> _Problem_:
Please transcribe the data that follows, keeping every line exact.

[Dataset entries Boundary: Start]

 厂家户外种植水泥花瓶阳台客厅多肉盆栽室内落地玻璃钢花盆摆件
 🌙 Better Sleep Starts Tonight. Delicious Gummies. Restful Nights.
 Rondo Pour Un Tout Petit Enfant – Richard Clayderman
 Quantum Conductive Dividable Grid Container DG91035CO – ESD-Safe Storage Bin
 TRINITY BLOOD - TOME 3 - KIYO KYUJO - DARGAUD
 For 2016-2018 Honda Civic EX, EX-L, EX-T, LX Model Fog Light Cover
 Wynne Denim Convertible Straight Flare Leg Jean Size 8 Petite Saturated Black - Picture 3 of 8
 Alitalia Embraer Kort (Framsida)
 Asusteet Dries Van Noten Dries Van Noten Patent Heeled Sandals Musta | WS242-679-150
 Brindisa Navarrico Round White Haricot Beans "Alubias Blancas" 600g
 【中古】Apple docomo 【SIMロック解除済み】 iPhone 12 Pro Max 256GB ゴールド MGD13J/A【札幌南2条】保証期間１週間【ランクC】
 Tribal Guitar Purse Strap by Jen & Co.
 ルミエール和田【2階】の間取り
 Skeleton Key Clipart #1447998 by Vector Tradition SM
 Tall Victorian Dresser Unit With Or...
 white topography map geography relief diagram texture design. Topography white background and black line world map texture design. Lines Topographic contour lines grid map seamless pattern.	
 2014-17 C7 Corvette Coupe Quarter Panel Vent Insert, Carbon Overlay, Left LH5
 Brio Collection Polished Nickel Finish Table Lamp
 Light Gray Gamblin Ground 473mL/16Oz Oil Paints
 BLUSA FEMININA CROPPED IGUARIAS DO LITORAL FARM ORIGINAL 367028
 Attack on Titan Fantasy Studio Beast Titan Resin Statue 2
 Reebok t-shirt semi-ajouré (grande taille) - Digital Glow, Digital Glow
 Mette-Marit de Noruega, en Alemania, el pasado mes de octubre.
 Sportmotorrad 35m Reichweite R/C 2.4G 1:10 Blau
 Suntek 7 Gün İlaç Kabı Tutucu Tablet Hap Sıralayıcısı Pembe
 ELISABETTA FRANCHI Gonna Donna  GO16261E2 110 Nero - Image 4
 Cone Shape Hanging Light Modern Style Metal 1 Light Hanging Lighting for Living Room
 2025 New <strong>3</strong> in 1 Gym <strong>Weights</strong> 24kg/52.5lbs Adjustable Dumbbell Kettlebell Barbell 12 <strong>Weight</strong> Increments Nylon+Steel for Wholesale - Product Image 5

[Dataset entries Boundary: End]

> _Worked solution_:
 厂家户外种植水泥花瓶阳台客厅多肉盆栽室内落地玻璃钢花盆摆件
 🌙 Better Sleep Starts Tonight. Delicious Gummies. Restful Nights.
 Rondo Pour Un Tout Petit Enfant – Richard Clayderman
 Quantum Conductive Dividable Grid Container DG91035CO – ESD-Safe Storage Bin
 TRINITY BLOOD - TOME 3 - KIYO KYUJO - DARGAUD
 For 2016-2018 Honda Civic EX, EX-L, EX-T, LX Model Fog Light Cover
 Wynne Denim Convertible Straight Flare Leg Jean Size 8 Petite Saturated Black - Picture 3 of 8
 Alitalia Embraer Kort (Framsida)
 Asusteet Dries Van Noten Dries Van Noten Patent Heeled Sandals Musta | WS242-679-150
 Brindisa Navarrico Round White Haricot Beans "Alubias Blancas" 600g
 【中古】Apple docomo 【SIMロック解除済み】 iPhone 12 Pro Max 256GB ゴールド MGD13J/A【札幌南2条】保証期間１週間【ランクC】
 Tribal Guitar Purse Strap by Jen & Co.
 ルミエール和田【2階】の間取り
 Skeleton Key Clipart #1447998 by Vector Tradition SM
 Tall Victorian Dresser Unit With Or...
 white topography map geography relief diagram texture design. Topography white background and black line world map texture design. Lines Topographic contour lines grid map seamless pattern.	
 2014-17 C7 Corvette Coupe Quarter Panel Vent Insert, Carbon Overlay, Left LH5
 Brio Collection Polished Nickel Finish Table Lamp
 Light Gray Gamblin Ground 473mL/16Oz Oil Paints
 BLUSA FEMININA CROPPED IGUARIAS DO LITORAL FARM ORIGINAL 367028
 Attack on Titan Fantasy Studio Beast Titan Resin Statue 2
 Reebok t-shirt semi-ajouré (grande taille) - Digital Glow, Digital Glow
 Mette-Marit de Noruega, en Alemania, el pasado mes de octubre.
 Sportmotorrad 35m Reichweite R/C 2.4G 1:10 Blau
 Suntek 7 Gün İlaç Kabı Tutucu Tablet Hap Sıralayıcısı Pembe
 ELISABETTA FRANCHI Gonna Donna  GO16261E2 110 Nero - Image 4
 Cone Shape Hanging Light Modern Style Metal 1 Light Hanging Lighting for Living Room
 2025 New <strong>3</strong> in 1 Gym <strong>Weights</strong> 24kg/52.5lbs Adjustable Dumbbell Kettlebell Barbell 12 <strong>Weight</strong> Increments Nylon+Steel for Wholesale - Product Image 5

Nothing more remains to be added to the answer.